(Data extracted from a collection)

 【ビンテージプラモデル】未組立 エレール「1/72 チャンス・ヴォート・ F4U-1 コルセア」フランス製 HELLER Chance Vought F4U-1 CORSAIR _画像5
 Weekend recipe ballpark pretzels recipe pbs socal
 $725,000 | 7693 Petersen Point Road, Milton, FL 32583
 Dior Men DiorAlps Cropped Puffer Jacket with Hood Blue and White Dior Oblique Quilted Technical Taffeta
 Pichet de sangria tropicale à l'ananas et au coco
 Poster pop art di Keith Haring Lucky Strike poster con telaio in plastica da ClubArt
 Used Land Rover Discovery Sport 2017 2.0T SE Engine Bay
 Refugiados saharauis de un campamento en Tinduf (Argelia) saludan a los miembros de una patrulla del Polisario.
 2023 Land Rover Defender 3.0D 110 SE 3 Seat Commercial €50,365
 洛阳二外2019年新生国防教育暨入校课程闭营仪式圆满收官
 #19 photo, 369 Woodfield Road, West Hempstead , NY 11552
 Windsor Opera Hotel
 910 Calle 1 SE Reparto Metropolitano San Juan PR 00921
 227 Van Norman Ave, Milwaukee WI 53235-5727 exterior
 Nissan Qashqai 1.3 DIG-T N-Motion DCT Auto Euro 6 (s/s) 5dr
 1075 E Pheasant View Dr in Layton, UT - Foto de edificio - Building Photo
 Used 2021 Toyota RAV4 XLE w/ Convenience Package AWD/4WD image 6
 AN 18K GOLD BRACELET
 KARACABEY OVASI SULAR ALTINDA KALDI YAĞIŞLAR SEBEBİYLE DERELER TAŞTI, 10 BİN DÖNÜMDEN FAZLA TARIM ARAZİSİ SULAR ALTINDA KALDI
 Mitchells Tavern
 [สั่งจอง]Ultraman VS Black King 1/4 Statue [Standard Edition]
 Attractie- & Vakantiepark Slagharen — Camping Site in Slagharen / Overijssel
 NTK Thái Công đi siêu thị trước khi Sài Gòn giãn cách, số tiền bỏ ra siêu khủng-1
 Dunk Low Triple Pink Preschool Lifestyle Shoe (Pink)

AIM OF THE TASK — Which lines above contain the word "Rover"? List them.

RESULT BELOW —
 Used Land Rover Discovery Sport 2017 2.0T SE Engine Bay
 2023 Land Rover Defender 3.0D 110 SE 3 Seat Commercial €50,365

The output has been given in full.